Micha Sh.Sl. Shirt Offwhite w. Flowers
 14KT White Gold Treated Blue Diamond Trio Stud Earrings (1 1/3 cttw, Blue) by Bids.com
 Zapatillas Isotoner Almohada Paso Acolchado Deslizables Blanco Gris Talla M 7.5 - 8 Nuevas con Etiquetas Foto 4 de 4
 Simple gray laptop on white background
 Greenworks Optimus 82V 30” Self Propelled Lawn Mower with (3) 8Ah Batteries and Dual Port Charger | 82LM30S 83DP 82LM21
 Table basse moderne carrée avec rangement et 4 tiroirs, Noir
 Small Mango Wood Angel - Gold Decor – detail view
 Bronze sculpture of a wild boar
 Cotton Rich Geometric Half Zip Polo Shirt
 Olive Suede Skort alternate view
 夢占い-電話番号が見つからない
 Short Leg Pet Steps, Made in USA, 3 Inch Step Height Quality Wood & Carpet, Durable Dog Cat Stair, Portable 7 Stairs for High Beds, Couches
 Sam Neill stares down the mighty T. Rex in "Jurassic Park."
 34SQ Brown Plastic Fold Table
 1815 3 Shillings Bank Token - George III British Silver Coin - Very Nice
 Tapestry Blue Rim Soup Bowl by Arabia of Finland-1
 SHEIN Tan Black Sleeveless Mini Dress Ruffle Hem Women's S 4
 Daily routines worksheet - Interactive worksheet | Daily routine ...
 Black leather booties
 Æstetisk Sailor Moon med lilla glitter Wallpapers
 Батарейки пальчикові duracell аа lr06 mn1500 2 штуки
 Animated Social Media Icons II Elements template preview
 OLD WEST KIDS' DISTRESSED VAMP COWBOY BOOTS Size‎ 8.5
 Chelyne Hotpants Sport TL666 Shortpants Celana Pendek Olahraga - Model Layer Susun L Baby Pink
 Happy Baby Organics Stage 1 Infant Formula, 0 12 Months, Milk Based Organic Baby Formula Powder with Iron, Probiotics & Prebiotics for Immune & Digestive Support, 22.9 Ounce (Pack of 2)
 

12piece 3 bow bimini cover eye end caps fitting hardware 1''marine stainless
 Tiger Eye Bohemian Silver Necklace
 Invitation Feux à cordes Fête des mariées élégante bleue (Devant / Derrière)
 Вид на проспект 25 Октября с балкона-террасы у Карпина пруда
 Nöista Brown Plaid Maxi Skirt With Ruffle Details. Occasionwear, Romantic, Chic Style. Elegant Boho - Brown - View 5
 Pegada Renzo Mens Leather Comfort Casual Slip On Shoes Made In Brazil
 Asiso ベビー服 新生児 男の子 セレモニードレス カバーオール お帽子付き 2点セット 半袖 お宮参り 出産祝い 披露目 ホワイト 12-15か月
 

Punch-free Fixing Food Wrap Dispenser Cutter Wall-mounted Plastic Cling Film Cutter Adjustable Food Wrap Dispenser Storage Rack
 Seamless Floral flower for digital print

□ □ □

# Task objective
Across the whole listing above, report each line that includes "Plastic".

# Solution to the problem
 34SQ Brown Plastic Fold Table
Punch-free Fixing Food Wrap Dispenser Cutter Wall-mounted Plastic Cling Film Cutter Adjustable Food Wrap Dispenser Storage Rack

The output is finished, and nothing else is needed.